I have a Nikon D5100 camera a I love my Nikon 50mm f1.8 Prime Lens (Nikon 50mm f/1.8 Series E)

When I use the Camera built in Flash with this Lens, I get the message: "Flash in TTL mode.  Choose a different setting or use a CPU Lens".

So will using a on camera external Flash in manual mode work with this Lens?

Will YongNuo YN-560 III Flash on camera in Manual Mode solve the problem?

Thanks.


----------



## Aloicious (Sep 28, 2013)

manual flash should be fine, that old lens doesn't have the cpu to provide the TTL data for the camera to use which is why you're getting that error. 
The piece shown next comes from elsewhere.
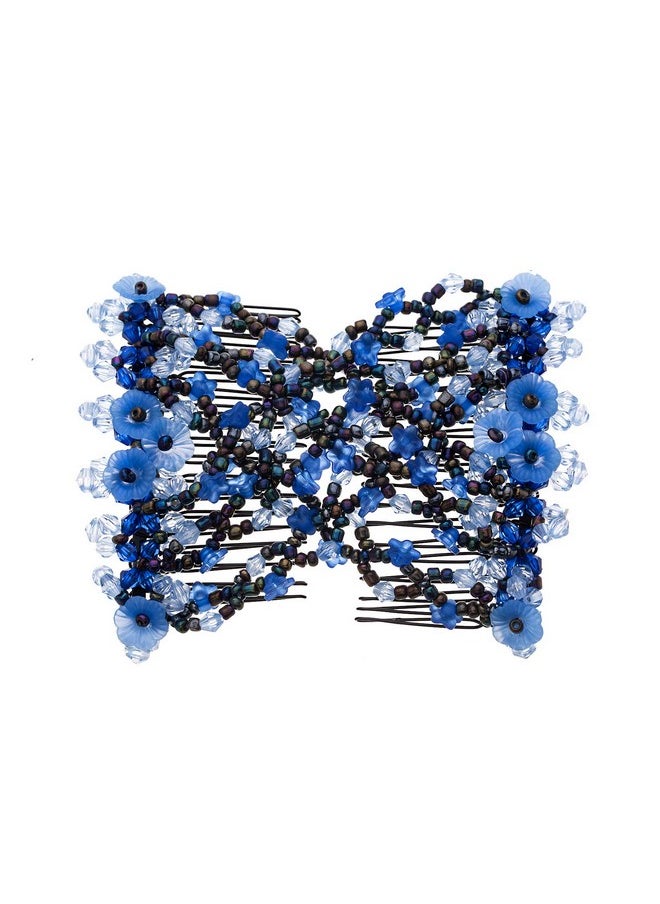Ruihfas - Vintage Beaded Crystal Flower Easy Stretchy Double Clips Hair Comb Hair Accessories (Blue) - Image 1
the YN560III is a manual only flash, so you shouldnt have a problem with using it. FWIW, I've got 3 of the YN560III's and love 'em, the built in wireless is a godsend, grab a 603N transmitter for your hotshoe and you should be all set for off camera flash work.


----------



## rambler (Sep 28, 2013)

Aloicius, the flash does not work wirelessly with my with my Flash Wave III transmitter,  Does the YN560III only work with the 603N?
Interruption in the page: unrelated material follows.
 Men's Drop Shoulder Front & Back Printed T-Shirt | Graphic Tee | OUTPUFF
Anilmaddala, your YongoNuo will work well for you.  It can be triggered by the on-camera flash as well as a transmitter, and here is something for you to try.  Underexpose a flower so it is barely visible in your LCD, hold your flash so that is pointing at your subject from a side-angle.  The result should look like a subject with low angle sunlight hitting it.  Experiment with different power settings on your flash to achieve the look you want.


----------



## Aloicious (Sep 28, 2013)

I've never used a flash wave...but I think the 560III's are made to work with the YN602N and YN603N transmitters. I doubt it'll sync with third party transmitters by itself, that's how most products work, its not like a Pocketwizard will transmit to or trigger elinchrom skyport receivers....same thing, the YN560II's just have the receiver built into them, so you need the proper transmitter to communicate with it correctly. I use my 3 560III's with my 603N without an issue. a pair of 603N's is like $30, but you really only need one on the camera to trigger the flashes. I use the other 603 with the camera cable (which is included) as a remote shutter release sometimes....they've been working great, I've had no complaints from them for my use....and you can't beat under $300 for 3 speedlights and a full wireless and remote camera system.


----------



## rambler (Sep 29, 2013)

Thanks, Alicious.  The the YN560-III manual does say it "fully support RF-603, RF602 wireless transmitter".  I was glad to find the cost is affordable at $34.


----------